The path back to compliance

In our experience, restoring a compliant operating state takes three steps. First, a complete inventory of doors with their current condition flagged (pass / watch / fail). Second, a prioritised work order: fails addressed first, watch items scheduled. Third, a regular inspection regime to catch the next wave of faults before they become urgent.

For most commercial buildings, the whole programme costs less than the excess on a single voided insurance claim, and produces an audit trail strong enough to defeat any reasonable enforcement challenge.

Frequently asked

Quick answers on this topic

01 Can my insurance really be voided by a faulty door?

Yes — most commercial policies have clauses requiring functional security hardware. Where the insurer can show that a fault was known and not acted on, they can refuse or reduce claim payments. Always check policy wording, but treat any documented door fault as something that affects insurance, not just operations.

02 How urgent is a fire door that does not self-close?

Urgent. A fire door that does not self-close is a Fire Safety Order compliance breach the moment the fault is identified. Action should be taken within weeks at most, with documented evidence of the work. The FSO does not require zero faults — it requires that faults are acted on promptly with documented evidence.

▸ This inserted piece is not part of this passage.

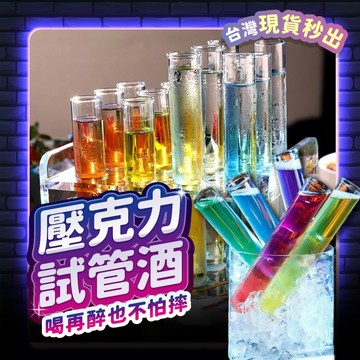 試管酒 shot 杯 shot 酒杯 酒 調酒 酒吧 ktv 試管 喝酒遊戲 雞尾酒 試管酒杯 喝酒道具 派對道具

03 Is my business actually at risk of HSE action over a broken door?

The risk is small if no-one is hurt. The risk becomes significant when an injury occurs and HSE find evidence the fault was known and uncorrected. Documented maintenance and prompt action on identified faults is the practical defence.

04 How quickly can I get a broken commercial door brought back to compliance?

Most single-component faults are repaired same-day or next-day. Full audits across a building or portfolio are typically completed in a week. A formal compliance restoration programme — including documentation — usually takes 1–4 weeks for an average commercial site.